***** Material provided
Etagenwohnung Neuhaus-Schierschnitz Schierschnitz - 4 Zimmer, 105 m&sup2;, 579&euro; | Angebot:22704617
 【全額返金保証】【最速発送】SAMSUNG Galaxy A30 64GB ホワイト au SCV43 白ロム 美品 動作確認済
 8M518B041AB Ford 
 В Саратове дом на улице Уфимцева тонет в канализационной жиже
**********
Type out the full listing again, exactly as given.

**Task result:**
Etagenwohnung Neuhaus-Schierschnitz Schierschnitz - 4 Zimmer, 105 m&sup2;, 579&euro; | Angebot:22704617
 【全額返金保証】【最速発送】SAMSUNG Galaxy A30 64GB ホワイト au SCV43 白ロム 美品 動作確認済
 8M518B041AB Ford 
 В Саратове дом на улице Уфимцева тонет в канализационной жиже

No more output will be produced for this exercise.